----- Dataset excerpt

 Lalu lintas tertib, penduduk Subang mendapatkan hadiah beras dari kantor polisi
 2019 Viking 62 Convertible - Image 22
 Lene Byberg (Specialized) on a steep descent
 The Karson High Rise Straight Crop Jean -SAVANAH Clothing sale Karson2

----------

▶ What you are asked to do
Write the listing out once more, keeping each word as it is.

▶ Response to the task
 Lalu lintas tertib, penduduk Subang mendapatkan hadiah beras dari kantor polisi
 2019 Viking 62 Convertible - Image 22
 Lene Byberg (Specialized) on a steep descent
 The Karson High Rise Straight Crop Jean -SAVANAH Clothing sale Karson2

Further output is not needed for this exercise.